I will never forget the time I had to make a difficult choice between my best friend and my dad. I regret the choice that I made.
When I was about 8 years old and I was living in Virginia my dad had to go to Iraq for a year. I wanted to spend the night at my best friend Tom’s house on the last night that my dad had with the family before going to Iraq. I had to choose between spending my last night with my dad for a year or spending the night at my best friend’s house. Unfortunately I chose to spend the night at my best friend’s house.

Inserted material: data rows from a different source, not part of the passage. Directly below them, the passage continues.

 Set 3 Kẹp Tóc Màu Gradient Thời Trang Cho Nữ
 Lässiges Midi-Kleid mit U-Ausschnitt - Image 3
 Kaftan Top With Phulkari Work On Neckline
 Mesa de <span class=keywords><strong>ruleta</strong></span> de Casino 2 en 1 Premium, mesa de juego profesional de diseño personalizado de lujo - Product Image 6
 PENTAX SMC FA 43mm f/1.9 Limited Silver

When I think back to this day it makes me feel so mad at myself and sad and beat up inside. At first I thought that my best friend wouldn’t be in my life as long as my dad so I might as well spend the night at my best friend’s house. Now I really regret the decision that I made. After I spent the night at my friend’s house, I didn’t see my dad for a whole year, maybe longer after that night. I didn’t even get to say goodbye to him or say I love him or that I’m sorry.

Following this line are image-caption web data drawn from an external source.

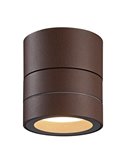 Foco orientable corten de 0 a 90º  SALER corten, exterior IP65 1LxGX56
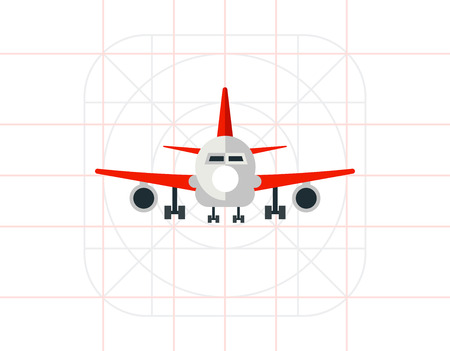 Plane Front View Iconのイラスト素材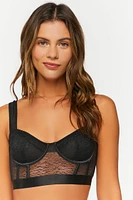 Mesh Sweetheart Underwire Bra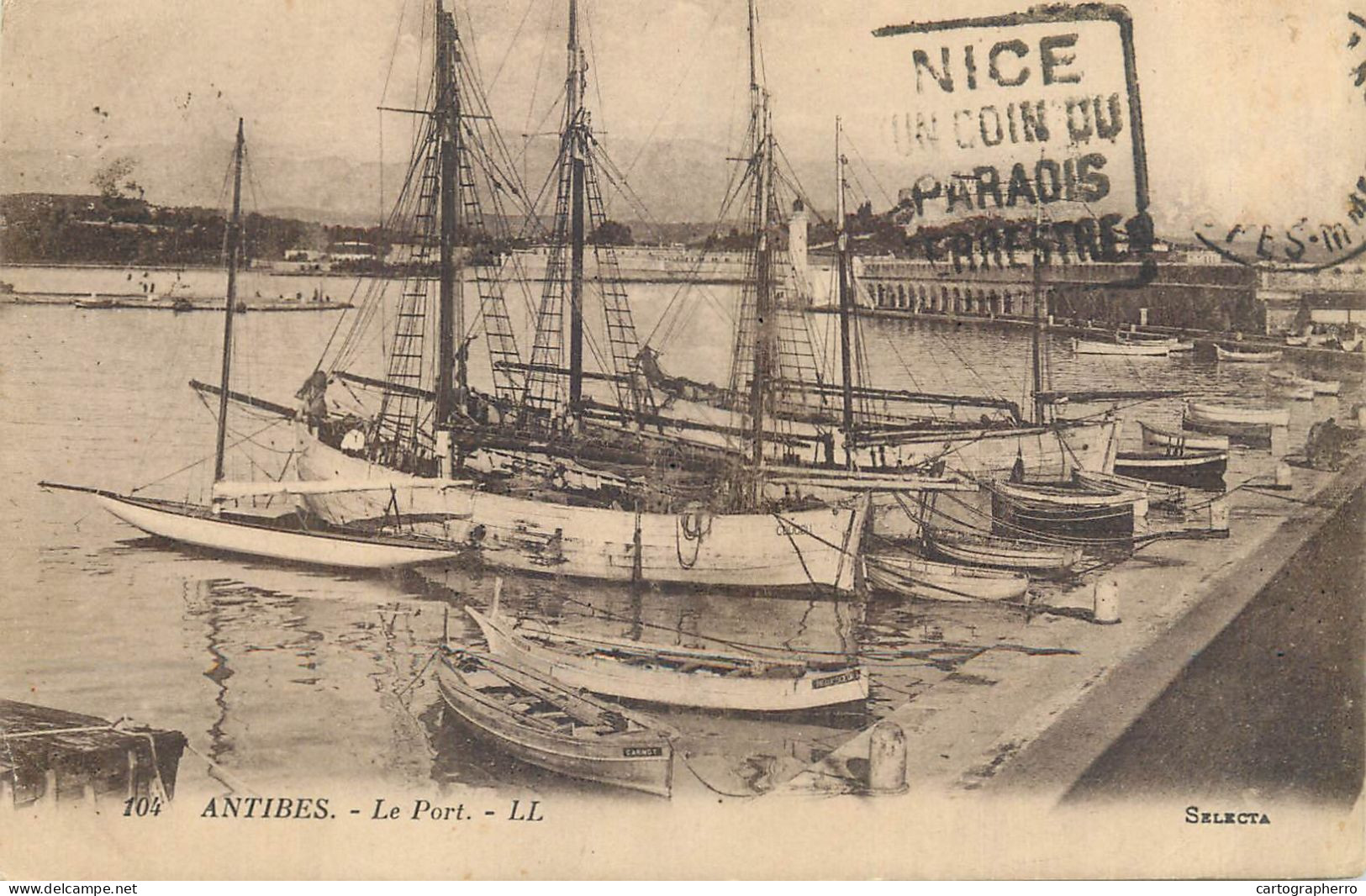 CPA France Antibes Harbour - Autres & Non Classés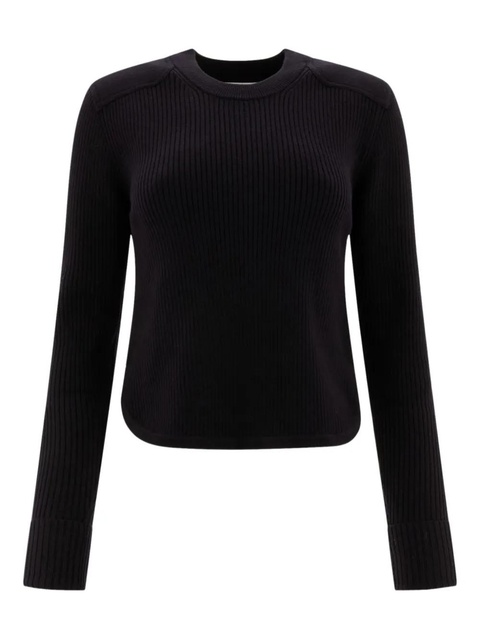 MARANT ÉTOILE ribbed panelled sweater - Black - zdjęcie produktu nr 1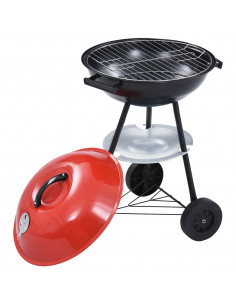 Barbecue a Carbone Kettle Portatile XXL con Ruote 44 cm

I never knew how it made me feel back then but I sure do now. Back then I really didn’t care that much about it. I thought that my dad will come back home soon. My dad didn’t come home. I was wondering all the time where he was. That year without him was very long, hard, lonely, and depressing.

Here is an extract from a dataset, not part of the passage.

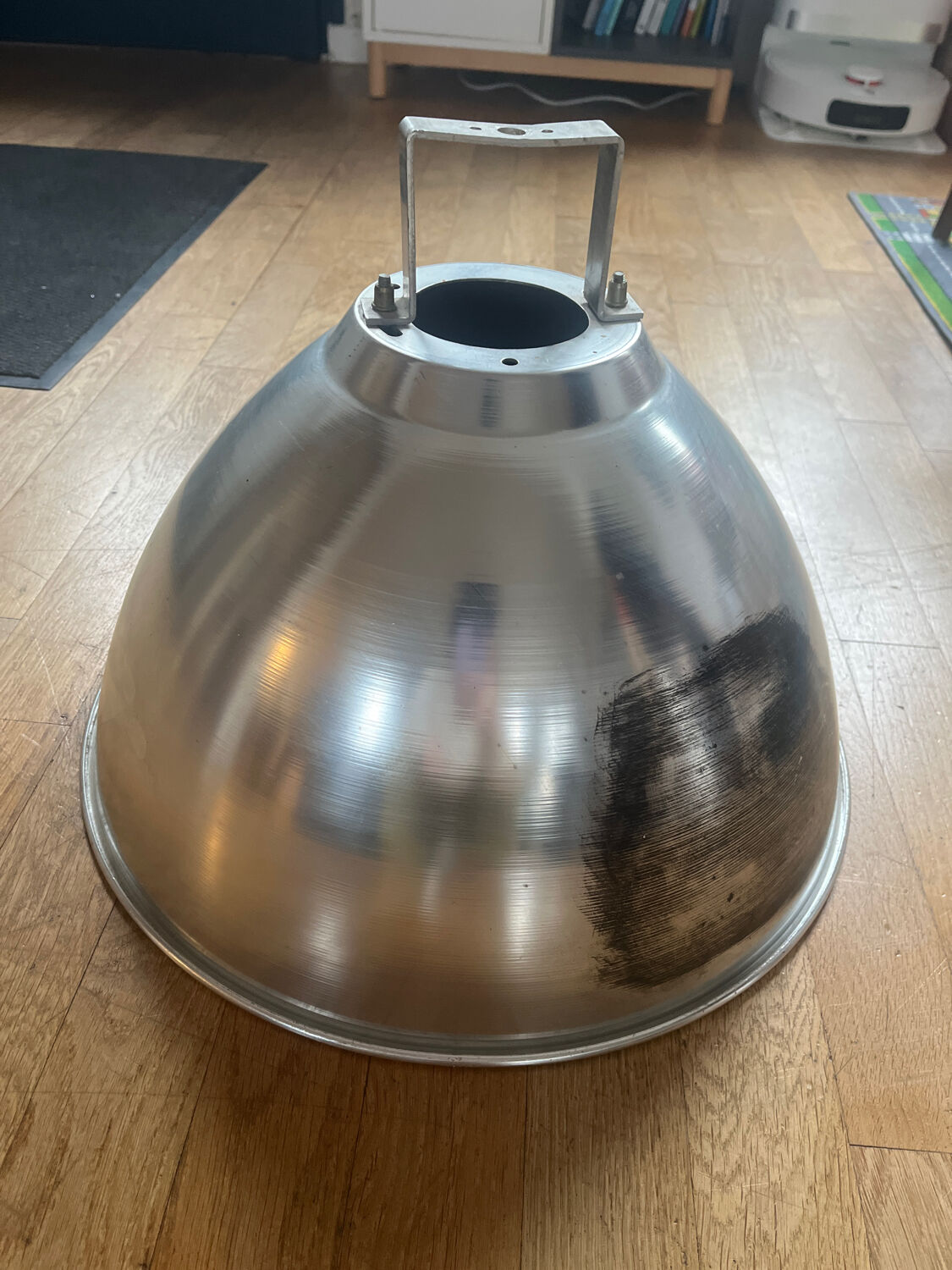 Vintage industrial metal suspension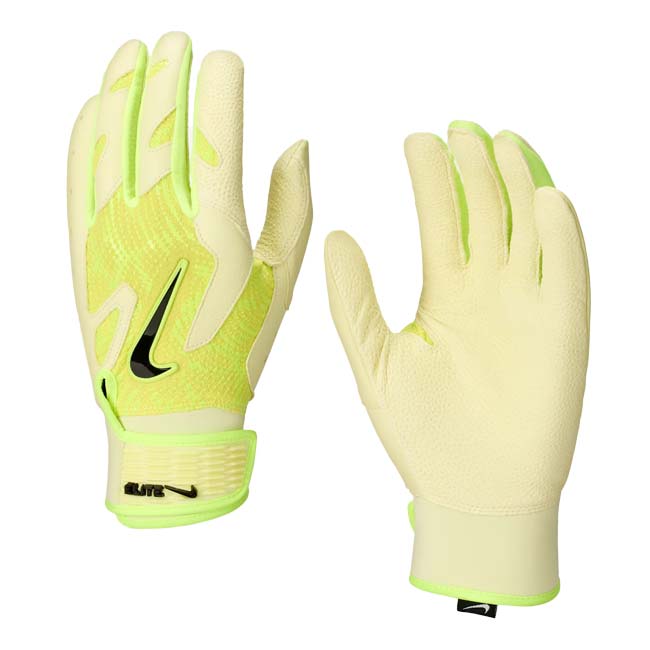 ナイキ(NIKE) ユニセックス Alpha Elite アルファエリート 2.0 バッティンググローブ 両手用 野球 BA1203-727 Sイエロー×Lライム×BK(26y4m)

It must have made my dad even more upset than me when I chose my best friend over him. Every time I think back to that day where I made the most dumbest decision ever, I feel what my dad must have felt and more. I regret a lot of things, but I mostly regret choosing my best friend over my dad.
Now I like to go everywhere with my dad. I would rather be with my dad than almost any other person. I have been and always will be a daddy’s boy. I learned love, compassion, empathy, respect, loyalty, and honesty from that experience. Now I believe in things that I never believed in before. I believe in love, I believe in respect, I believe empathy, I believe in compassion, I believe in loyalty, I believe in honesty, and I believe in regret.
Now, anytime I have a decision between my dad and someone else, I’m more likely to choose my dad.